ENTRIES SUPPLIED

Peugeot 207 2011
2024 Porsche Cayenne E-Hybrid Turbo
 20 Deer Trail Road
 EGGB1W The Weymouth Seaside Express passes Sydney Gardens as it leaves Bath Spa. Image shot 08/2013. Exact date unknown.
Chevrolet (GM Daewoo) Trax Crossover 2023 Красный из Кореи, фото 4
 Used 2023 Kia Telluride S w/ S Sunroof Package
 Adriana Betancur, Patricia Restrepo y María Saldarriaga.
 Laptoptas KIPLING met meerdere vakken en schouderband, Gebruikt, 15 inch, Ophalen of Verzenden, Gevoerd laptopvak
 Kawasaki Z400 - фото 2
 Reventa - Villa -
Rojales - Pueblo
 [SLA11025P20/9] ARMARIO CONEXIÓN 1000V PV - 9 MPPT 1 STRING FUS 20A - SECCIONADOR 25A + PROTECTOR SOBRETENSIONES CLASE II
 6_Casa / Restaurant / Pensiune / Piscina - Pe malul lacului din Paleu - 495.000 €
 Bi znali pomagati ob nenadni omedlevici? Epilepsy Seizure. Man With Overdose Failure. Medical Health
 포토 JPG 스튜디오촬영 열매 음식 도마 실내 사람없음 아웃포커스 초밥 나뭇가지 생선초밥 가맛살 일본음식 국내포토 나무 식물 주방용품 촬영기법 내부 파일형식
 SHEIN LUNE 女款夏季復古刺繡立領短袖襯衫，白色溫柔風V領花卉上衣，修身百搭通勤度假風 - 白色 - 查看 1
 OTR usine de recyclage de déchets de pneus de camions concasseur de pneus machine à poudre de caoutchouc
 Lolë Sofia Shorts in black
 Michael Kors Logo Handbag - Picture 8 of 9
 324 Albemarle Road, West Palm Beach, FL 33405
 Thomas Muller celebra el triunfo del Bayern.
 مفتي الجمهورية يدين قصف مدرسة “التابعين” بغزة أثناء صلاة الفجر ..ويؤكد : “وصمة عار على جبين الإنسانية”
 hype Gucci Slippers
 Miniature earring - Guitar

EXERCISE PROMPT
Up to and including the line with "Rojales - Pueblo", print every line of the material above, starting from its first line, exactly.

COMPLETED EXERCISE
Peugeot 207 2011
2024 Porsche Cayenne E-Hybrid Turbo
 20 Deer Trail Road
 EGGB1W The Weymouth Seaside Express passes Sydney Gardens as it leaves Bath Spa. Image shot 08/2013. Exact date unknown.
Chevrolet (GM Daewoo) Trax Crossover 2023 Красный из Кореи, фото 4
 Used 2023 Kia Telluride S w/ S Sunroof Package
 Adriana Betancur, Patricia Restrepo y María Saldarriaga.
 Laptoptas KIPLING met meerdere vakken en schouderband, Gebruikt, 15 inch, Ophalen of Verzenden, Gevoerd laptopvak
 Kawasaki Z400 - фото 2
 Reventa - Villa -
Rojales - Pueblo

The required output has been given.